Di pertengahan film pun, saya sempat ber-tweet ria dan juga BBM dengan sahabat saya. Menyatakan bahwa saya meminta pertolongan untuk segera mengakhiri penderitaan menonton film ini. Aside from a few sets which left me feeling like I was watching a soap opera and a lack of wide shots, there are a number of scenes with vampires appearing in the light but not sparkling! Nah gimana tuh bagian spesial FX-nya, tim make up ada yang mau bertanggung jawab? Come on people! Hokeus fokeus!! Fokusin deh sama beberapa detil yang ada dalam film ini, termasuk soft lense.
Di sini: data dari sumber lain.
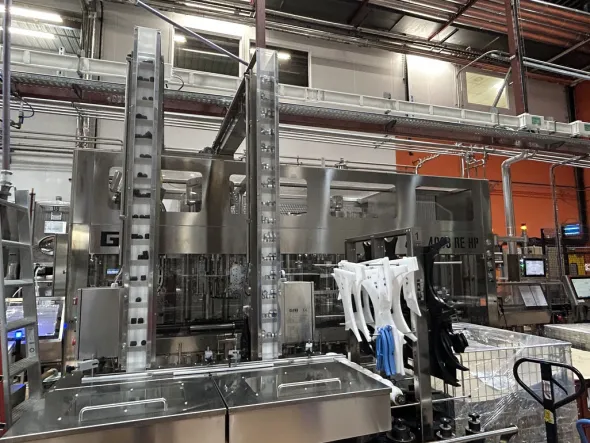 LC553 Linea di imbott. usata spumante e vino fermo 4000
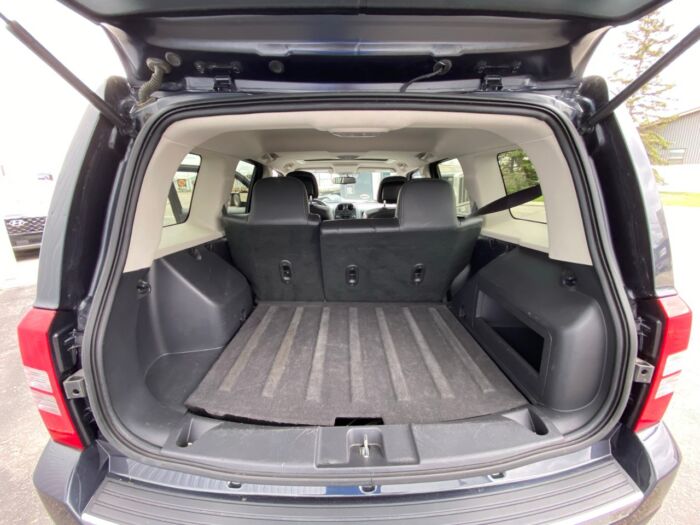 2016 Jeep Patriot High Altitude 4WD 4dr High Altitude - Image 7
The contacts still look fake, and I could see make up on Edwards arm and missing from his ears in extreme close-ups.
Ternyata, film ini ngga cuma mengumbar fisik keren beken si pemainnya, beberapa line dari dialog juga penting buat mainin emosi penonton. Teriakan penonton membuat saya kembali melihat ke layar besar itu. Jacob kembali, lagi-lagi perempuan-perempuan ini menggelinjang. Apalagi setelah dia ngomong ke Edward yang memang sebagai vampir memliliki suhu badan yang cenderung dingin, sedingin wajahnya yang pucat, “Admit it, I’m hotter than you..”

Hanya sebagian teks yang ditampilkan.